[Problem to solve] Reproduce the data exactly and drop any pictures it holds.
=== Data below ===
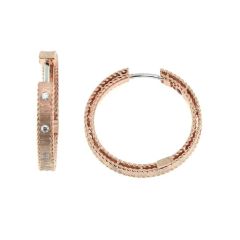 Kolczyki Roberto Coin Princess różowe złoto diamenty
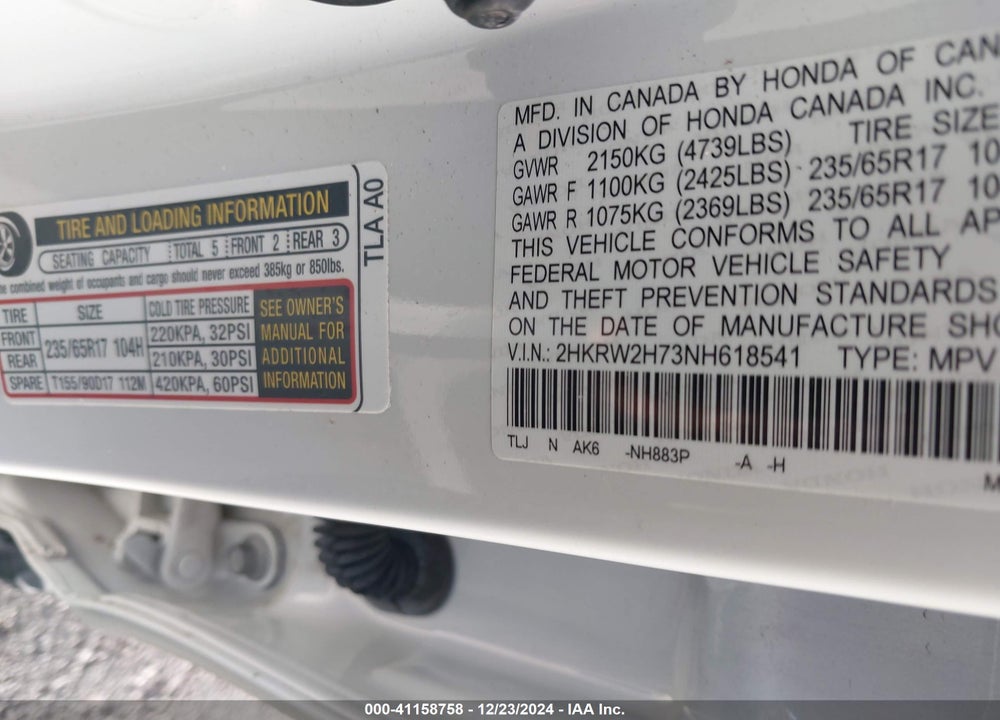 2022 HONDA CR-V AWD SPECIAL EDITION VIN: 2HKRW2H73NH618541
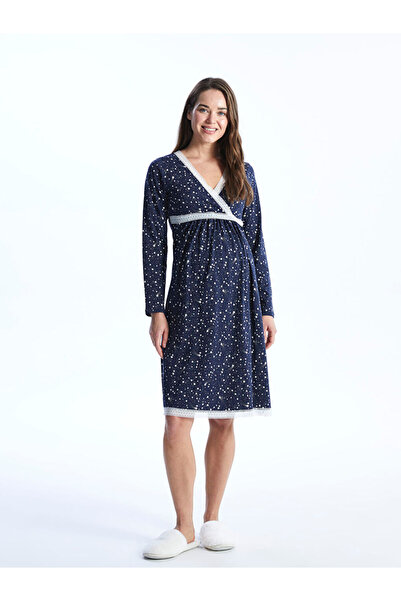 LC Waikiki Navy Blue Double-Breasted Collar Patterned Long Sleeve Maternity Nightgown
===
[Exercise result]
 Kolczyki Roberto Coin Princess różowe złoto diamenty
 2022 HONDA CR-V AWD SPECIAL EDITION VIN: 2HKRW2H73NH618541
 LC Waikiki Navy Blue Double-Breasted Collar Patterned Long Sleeve Maternity Nightgown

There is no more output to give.